Hershey Signs D.J. King, Immediately Loans Him to South Carolina Stingrays
Hershey signed defenseman D.J. King to an AHL contract and immediately loaned him to the South Carolina Stingrays, giving the organization extra depth on the blueline.

The Hershey Bears added 25-year-old defenseman D.J. King to an American Hockey League contract for the remainder of the 2025-26 season and promptly loaned him to their ECHL affiliate, the South Carolina Stingrays, the club announced through vice president of hockey operations Bryan Helmer. The move formalizes a season of short-term AHL stints for King and keeps him in the Capitals organization pipeline while providing the Stingrays a steady, experienced blueliner down the stretch.
King, listed at 6-foot-3 and 216 pounds, has split time this season between the ECHL and AHL. Team releases credit him with 27 games for South Carolina this season, producing one goal and one assist, while other local reporting gave a slightly lower games-played total of 25. Those same team sources list King with 191 career ECHL games and 27 career ECHL points (8 goals, 19 assists), though one local outlet reported 189 games; the points total is consistent across accounts. In the AHL, King has appeared in eight games this season while skating on professional tryout contracts with Hershey and the Iowa Wild, and he has 16 career AHL games with two assists to his name across stops that include Hershey, Iowa, Grand Rapids, and Rockford.

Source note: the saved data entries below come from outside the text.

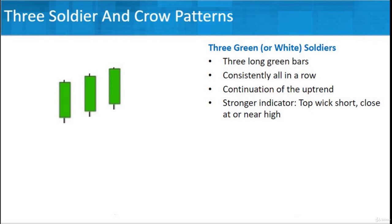The stronger that indicator would be is if the top wick — the upper shadow — is short, showing that the close is at or near the high. We don't have real long wicks showing that it went up real high but then came way back down. This is just a nice, orderly pattern going forward. The key thing in a soldier pattern is consistency — not a lot of up and down, just orderly. That shows a strong indicator that the trend is going to continue.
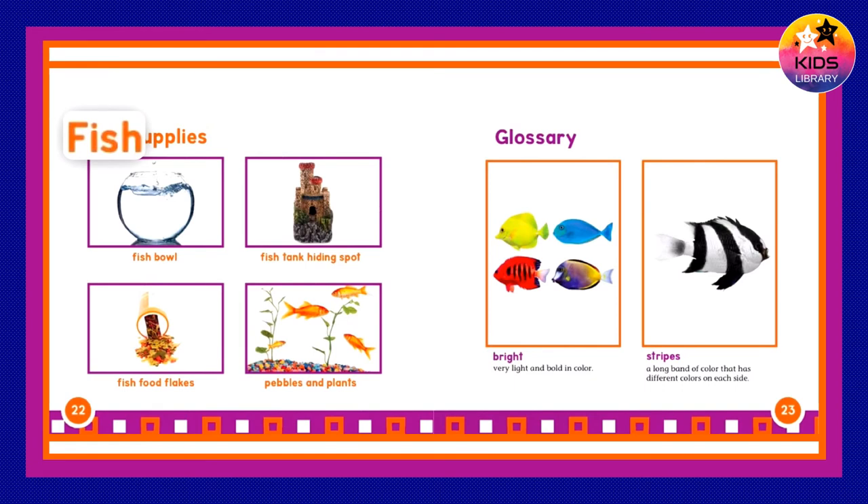Fish supplies: fish bowl, fish tank hiding spot, fish food flakes, pebbles and plants.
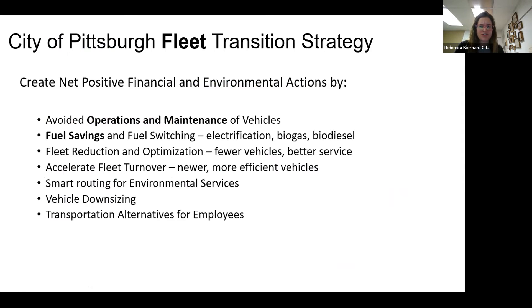On our fleet transition strategy — we're interested in avoided O&M, fuel savings, and monetary savings. We're also looking more holistically: right-sizing the fleet, multimodal transportation alternatives for employees, downsizing vehicles, smart routing especially for refuse pickup, and fleet turnover. Those are all things we found in the Atlas analysis that we can better explain going forward.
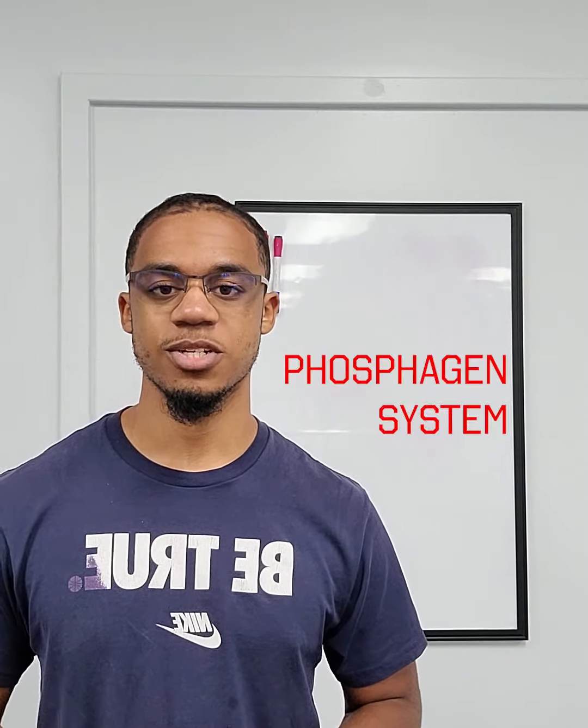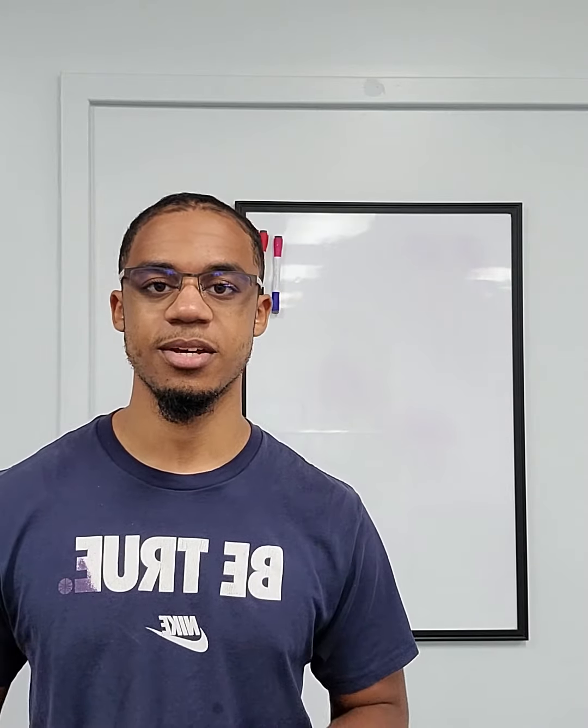First and foremost, we're going to start with the phosphagen system. This energy system lasts from about zero to ten seconds. It produces power really quickly and uses fuel that's already stored inside your muscles. It only lasts ten seconds because your muscles get depleted of it really quickly. It's pretty much any event that lasts less than ten seconds — shot put, 100 meter dash, stealing a base, sprinting for a fast break layup, going for a chase down block, anything of the sort.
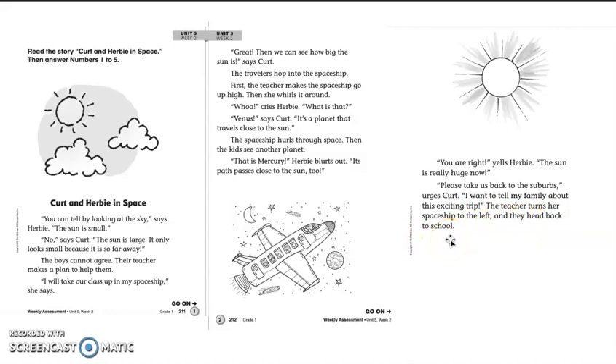All right, so this story is telling us about Kurt and Herbie and their teacher, and they're arguing over whether the sun is small or whether it is large. Because the teacher wants them to see that it really is a big item — it just looks small because we live so far away. She decides to take them up in her spaceship so that they can get close to the planets and the sun and see that they really are big. It just looks like they're small when they're far away from us.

King’s season has included a handful of notable moments. His lone prior appearance for Hershey this season on Nov. 16 versus Lehigh Valley produced the primary assist on Hershey’s game-tying goal in a 2-1 overtime victory. He signed a PTO with the Iowa Wild on Jan. 7, 2026, skated in seven games for Iowa and logged two penalty minutes before being released and returning to the Stingrays on Feb. 5. King originally signed an ECHL contract with South Carolina on Aug. 25, 2025 and attended Hershey’s 2025 training camp, so the AHL contract reunites him with an organization familiar with his game.
From an organizational standpoint, the transaction gives Hershey more controllable depth on the left side of the blueline as it navigates the grind of the AHL schedule, while South Carolina gains an AHL-contracted presence on its roster for crucial late-season games and promotional home stands such as the mid-February slate. The family angle adds texture: Hershey’s release noted King is the son of Bears head coach Derek King, a detail that reinforces the developmental and personal ties between the AHL club and its younger players.
For fans, the signing signals stability for a player who has been shuttling on PTOs and offers the Stingrays a hometown-ready defenseman for upcoming games. Keep an eye on game logs and official box scores for final stat reconciliation, but the immediate takeaway is clear: Hershey has secured a reliable depth option and South Carolina will deploy him as it chases playoff positioning and special-event crowds in February.